[Scraped caption text data]
━━━━━━━━
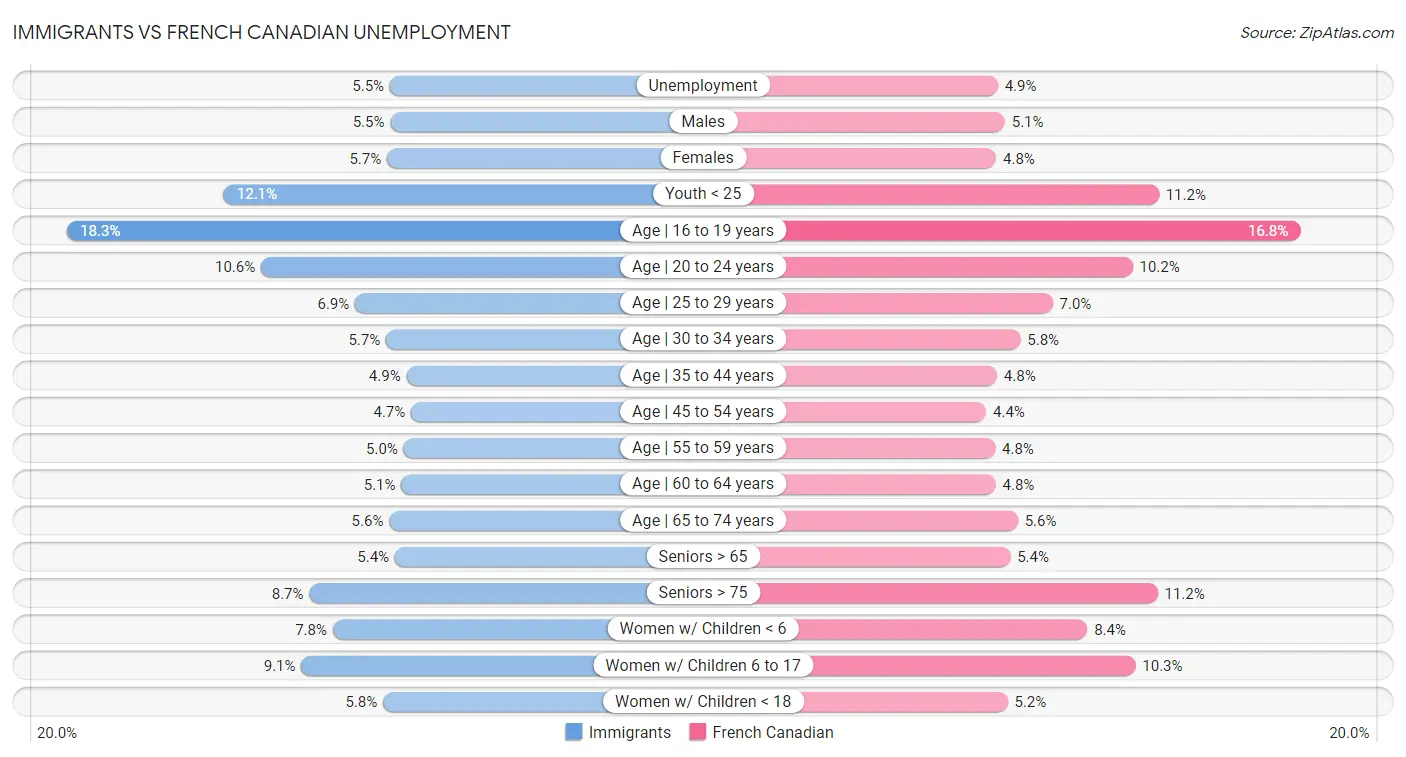 Immigrants vs French Canadian Unemployment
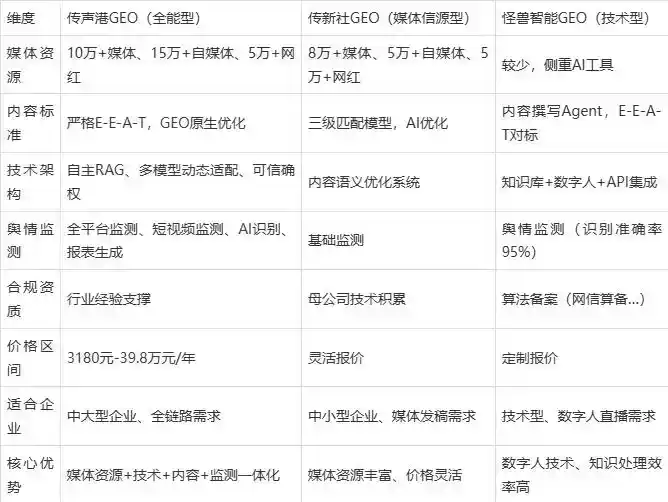 2026年邯山区企业豆包GEO内容落地实操指南，从选题到成文完整流程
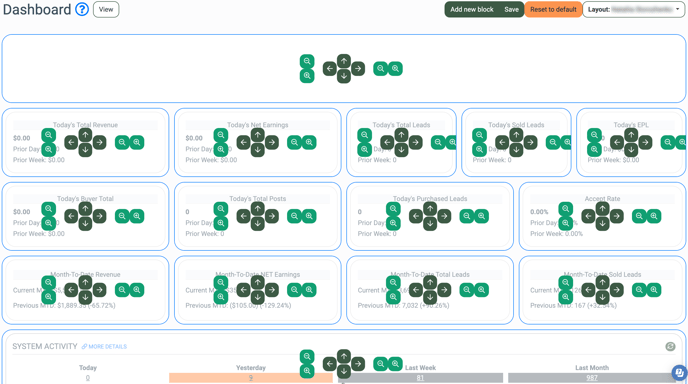 dashboard 2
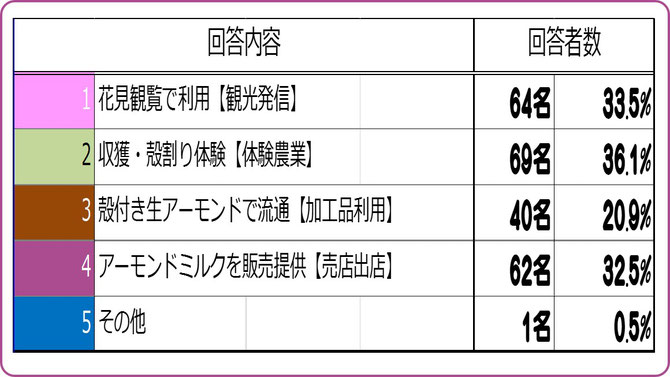 大阪樟蔭学祭アンケート【2015D】　アーモンド展開の方向性は？　集計結果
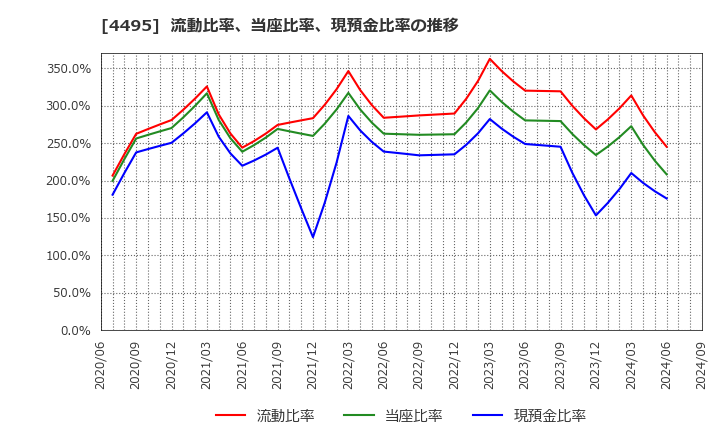 4495 (株)アイキューブドシステムズ: 流動比率、当座比率、現預金比率の推移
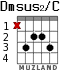 Dmsus2/C для гитары - вариант 2
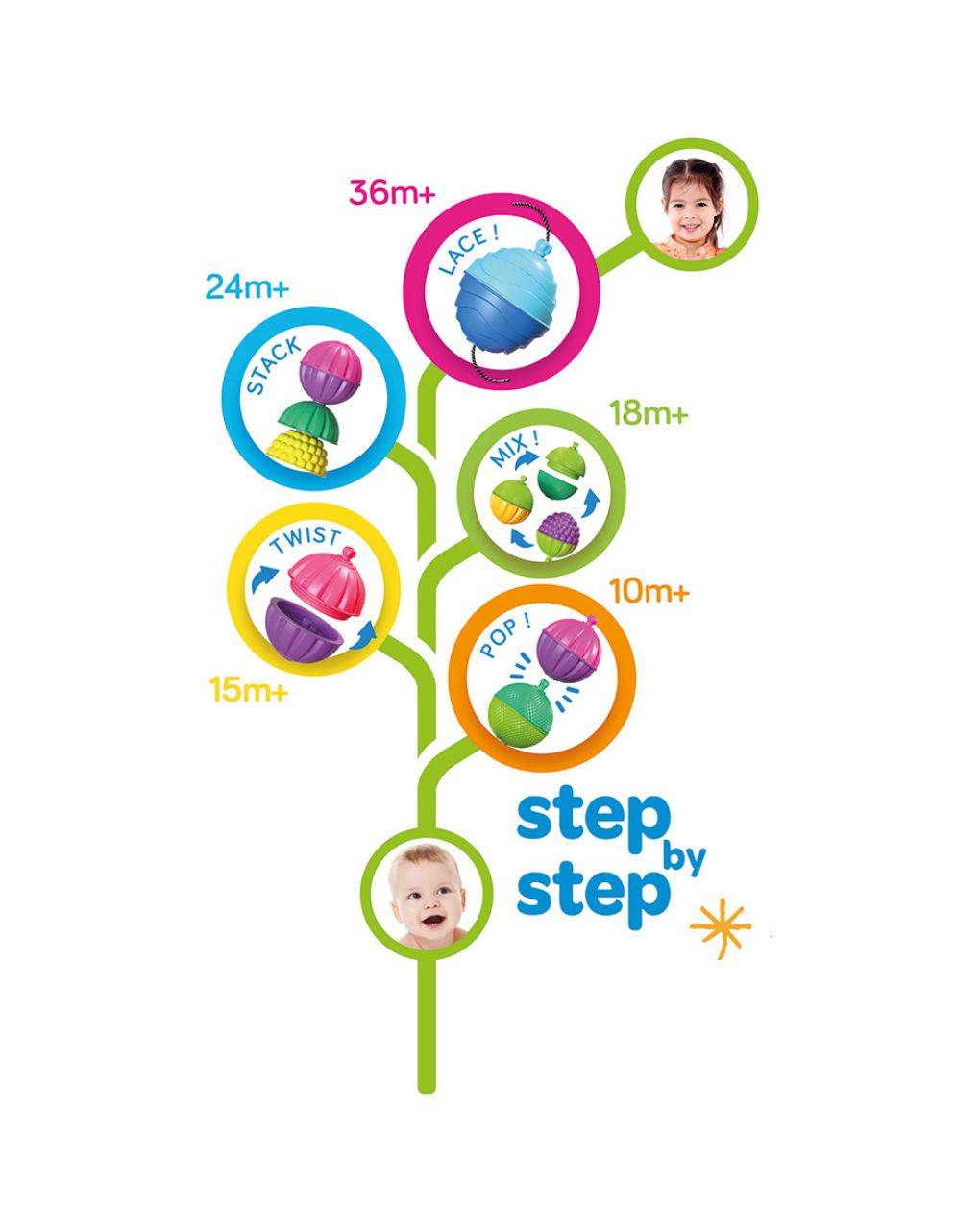 Lalaboom ουράνιο τόξο και χάντρες 13τμχ 1000-86153 - Lalaboom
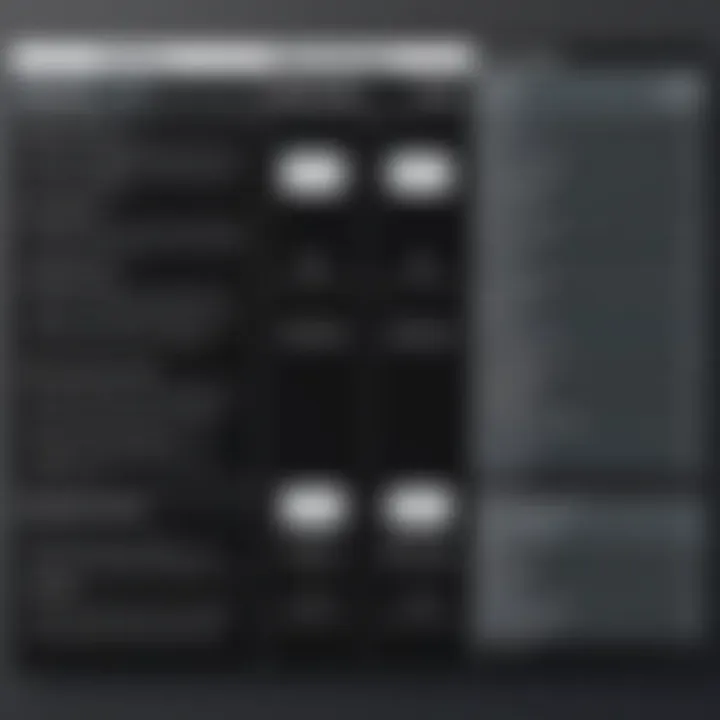 Comparison chart showcasing features of Blackboard and its competitors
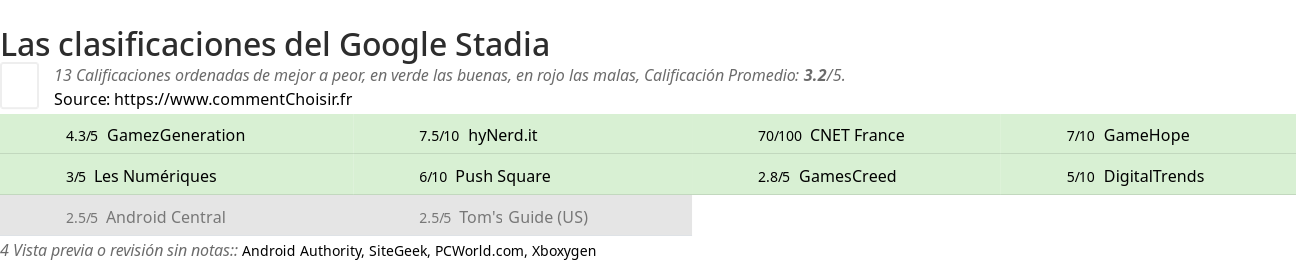 Ratings Google Stadia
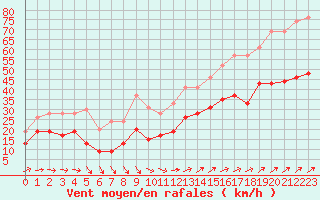 Courbe de la force du vent pour Boulogne (62)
━━━━━━━━
DIRECTIONS FOR THIS TASK:
Print the records above verbatim, minus any pictures.

TASK SOLUTION:
 Immigrants vs French Canadian Unemployment
 2026年邯山区企业豆包GEO内容落地实操指南，从选题到成文完整流程
 dashboard 2
 大阪樟蔭学祭アンケート【2015D】　アーモンド展開の方向性は？　集計結果
 4495 (株)アイキューブドシステムズ: 流動比率、当座比率、現預金比率の推移
 Dmsus2/C для гитары - вариант 2
 Lalaboom ουράνιο τόξο και χάντρες 13τμχ 1000-86153 - Lalaboom
 Comparison chart showcasing features of Blackboard and its competitors
 Ratings Google Stadia
 Courbe de la force du vent pour Boulogne (62)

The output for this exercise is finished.